En sus dos años como forense, Clement había llegado a leer a los miembros de los jurados con tanta claridad como si fueran sus viejos libros de medicina. Con independencia del caso, había aprendido que todos los jurados tenían ciertas cosas en común.

Casi todos, por ejemplo, estaban preocupados y eran conscientes de la carga que suponía para ellos cumplir con su deber cívico. Eso era más evidente todavía en los casos obvios de suicidio, en los que ninguno deseaba aumentar el dolor de las familias que estaban pasando el duelo insistiendo en ese punto, y en los que, casi siempre que emitían ese veredicto, incluían la frase «mientras el equilibrio de su mente estaba perturbado».

A veces tenían miedo, sí, por ejemplo, si la causa de la muerte era demasiado espeluznante y sabían que tendrían que escuchar pruebas horribles, como la de algún pobre trabajador agrícola siendo arrastrado por una cosechadora u algo similar. En el caso de una muerte sospechosa —lo cual era poco frecuente—, siempre se añadía un elemento de excitación y escándalo que les daba un brillo particular a sus mejillas.

Clement había visto toda clase de personas formando parte de un jurado: trabajadores, amas de casa, madres, algunos profesionales y de vez en cuando algún holgazán o académico. En general, se trataba de hombres y mujeres buenos, honrados —aunque no especialmente inteligentes— y de nivel medio, en los que se podía confiar para que tuvieran sentido común y emitieran un veredicto sensato. Pero si, por casualidad, parecía que estaban a punto de desviarse del camino recto y emitir un veredicto absurdo porque se habían creído superiores o se habían confundido o desorientado, su trabajo consistía en reconducirlos hacia la dirección correcta.

De vez en cuando, algún miembro del jurado le sorprendía. Pero él creía que ya había entendido bien a ese grupo.

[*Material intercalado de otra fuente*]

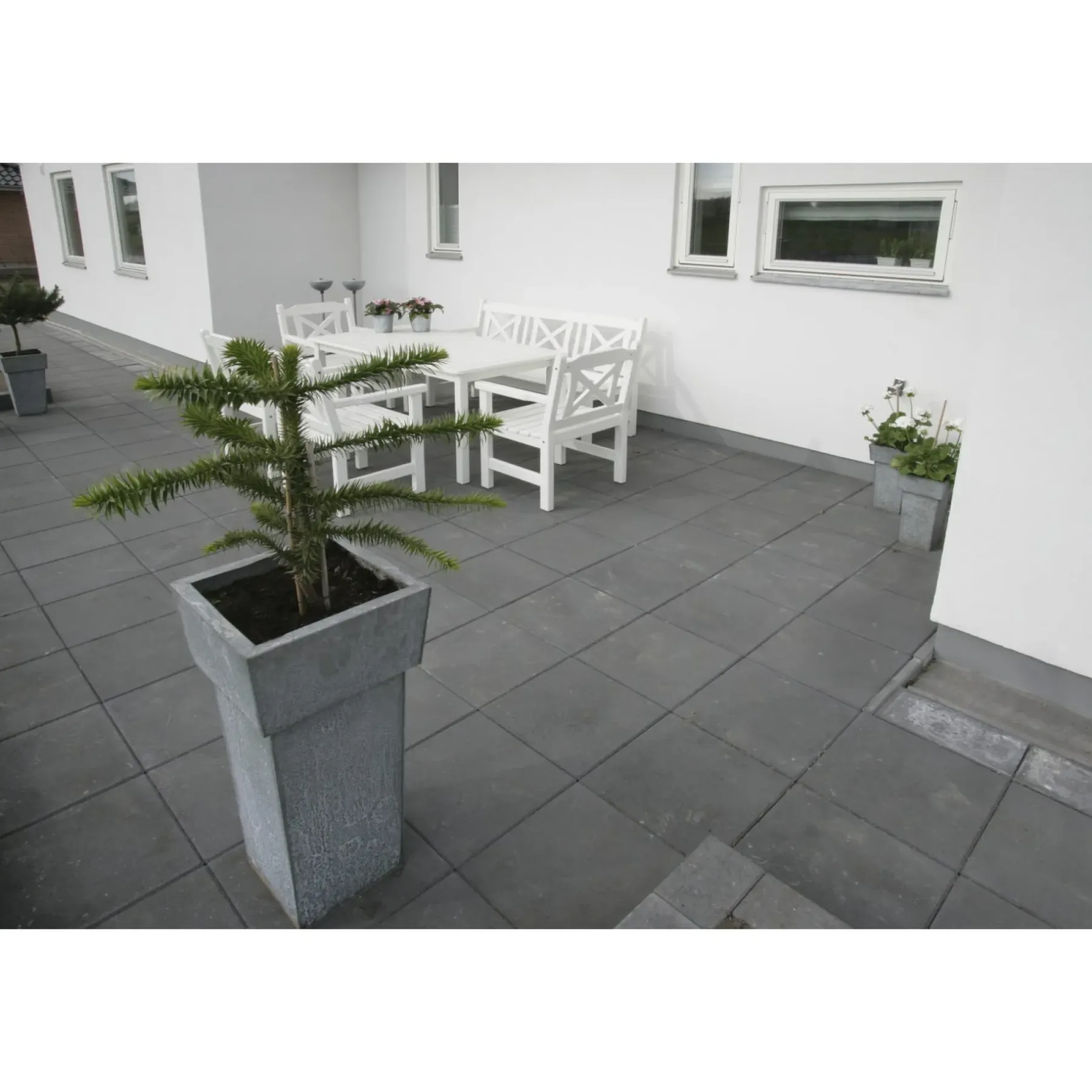 MODUL 30 HAVEFLISE 5 X 30 X 30 CM SORT/ANTRACIT>IBF Best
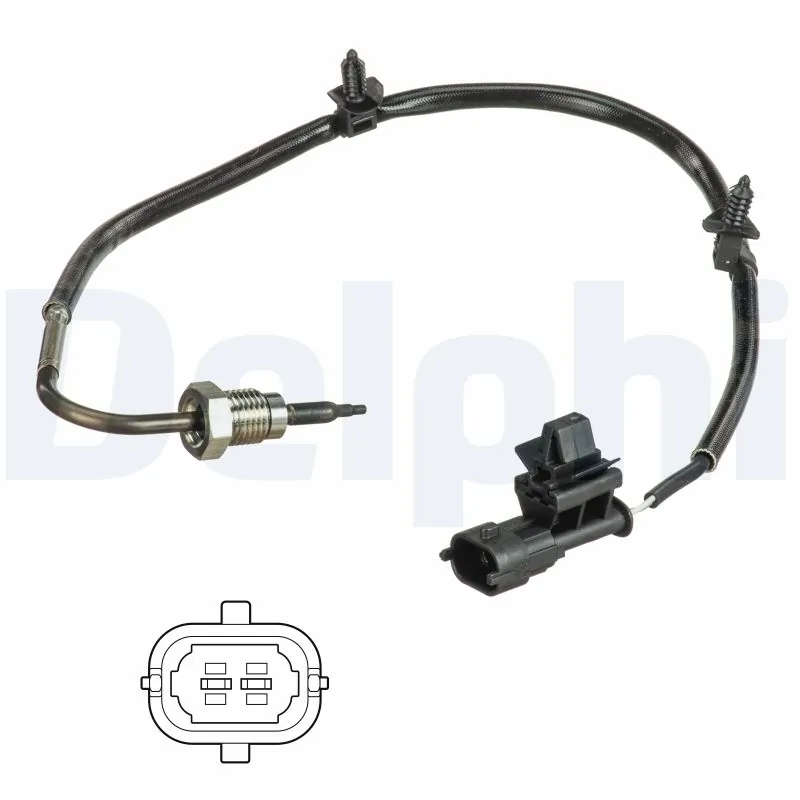 Sensor, exhaust gas temperature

El anciano con el desaliñado traje azul, por ejemplo, era evidente que se autoproclamaría presidente del comité y probablemente tendría el respaldo de las dos mujeres de mediana edad que estaban sentadas en el extremo derecho de la fila, pertenecientes al Instituto Femenino. Una mujer más joven y dos hombres jóvenes parecían impacientes y con ganas de terminar pronto. Sin duda, pensaban que tenían cosas mejores que hacer. Un hombre de mediana edad, con la mirada un tanto perdida, se tomaba todo muy en serio, aunque no se podía decir lo mismo de una anciana que tejía algo en secreto en su regazo. En cuanto a los demás, eran la mezcla habitual que se puede encontrar en cualquier lugar frecuentado por la sociedad británica.

Después del testimonio del médico, siguió el de uno de los tutores del chico, quien afirmó que era un joven centrado y confiable, y que probablemente habría aprobado los exámenes con excelentes resultados. Según su conocimiento, Derek Chadworth no tenía problemas de dinero ni de chicas y la última vez que lo había visto estaba tan alegre como siempre. En otras palabras, pensó Clement con indulgencia al mirar al testigo, estaba dejando claro que el chico no tenía ningún motivo para arrojarse al río y causar tantos problemas.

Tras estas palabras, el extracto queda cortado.